Zahler has the innate ability to make you not want to but unable not to watch scenes that you don’t necessarily want to see without turning away. One other filmmaker has consistently done that over the years, and that is Martin Scorsese, who once, in Casino, had a pair of eyeballs pop out of a man’s head when it was placed in a clamp by Joe Pesci. That scene can’t compare to anything Zahler has put on film, including Bone Tomahawk, Brawl in Cell Block 99, and now in Dragged Across Concrete.

There is a storyline that seems out of place, and the result is excessive for the main purpose of being gratuitously violent. The fact of the matter is, in watching nearly 3,500 films in my time, I have never seen this done before and set up in that manner. In a way, it’s brilliant and completely fits the tone of the film and the message behind it (while I have a general disdain for the MPAA hypocritical moral censorship that has a minimal set standard, I was genuinely shocked this version didn’t get more of a fight from them), while being stomach-churning. There are so many visually arresting scenes in Dragged Across Concrete. You won’t be able to shake them from your memory anytime soon.

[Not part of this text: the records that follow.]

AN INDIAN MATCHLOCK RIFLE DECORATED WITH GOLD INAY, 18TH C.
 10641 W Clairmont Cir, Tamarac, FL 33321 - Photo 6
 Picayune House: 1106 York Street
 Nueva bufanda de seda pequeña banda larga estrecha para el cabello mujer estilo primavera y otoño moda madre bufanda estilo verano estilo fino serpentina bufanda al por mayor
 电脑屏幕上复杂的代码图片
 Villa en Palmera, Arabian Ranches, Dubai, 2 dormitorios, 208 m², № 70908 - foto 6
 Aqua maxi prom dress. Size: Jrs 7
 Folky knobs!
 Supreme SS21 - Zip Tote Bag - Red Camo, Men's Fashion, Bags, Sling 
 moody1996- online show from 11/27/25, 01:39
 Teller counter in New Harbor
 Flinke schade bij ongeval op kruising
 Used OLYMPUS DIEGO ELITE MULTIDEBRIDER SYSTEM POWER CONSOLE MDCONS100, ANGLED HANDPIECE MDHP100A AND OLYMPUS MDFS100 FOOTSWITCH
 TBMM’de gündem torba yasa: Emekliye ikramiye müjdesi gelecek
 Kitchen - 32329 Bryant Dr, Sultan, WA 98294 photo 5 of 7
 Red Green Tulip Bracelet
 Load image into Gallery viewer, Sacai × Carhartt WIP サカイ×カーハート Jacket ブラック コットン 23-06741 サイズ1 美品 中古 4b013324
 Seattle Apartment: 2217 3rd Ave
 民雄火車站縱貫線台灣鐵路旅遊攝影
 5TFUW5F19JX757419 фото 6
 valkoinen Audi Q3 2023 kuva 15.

Dragged Across Concrete is the best of its kind since, quite frankly, Quentin Tarantino’s Pulp Fiction, with several brilliant narratives that come and go as they please. While not equal to that film (minus the Tarantino dialogue that captures how people really talk, while Concrete settles into a stoic, hard-boiled approach), this is Zahler’s finest work that may be unfairly characterized as right-wing or racist for the interest of “click-baiting.” This film isn’t driving a narrative of political issues or having any hidden agendas that relate to the issues I described above. It is simply showing you there are people in this world who you may find reprehensible, their actions equally so, while not asking you to give a care in the world of what will happen to any of them. You merely must coexist in the world Zahler created right in front of you.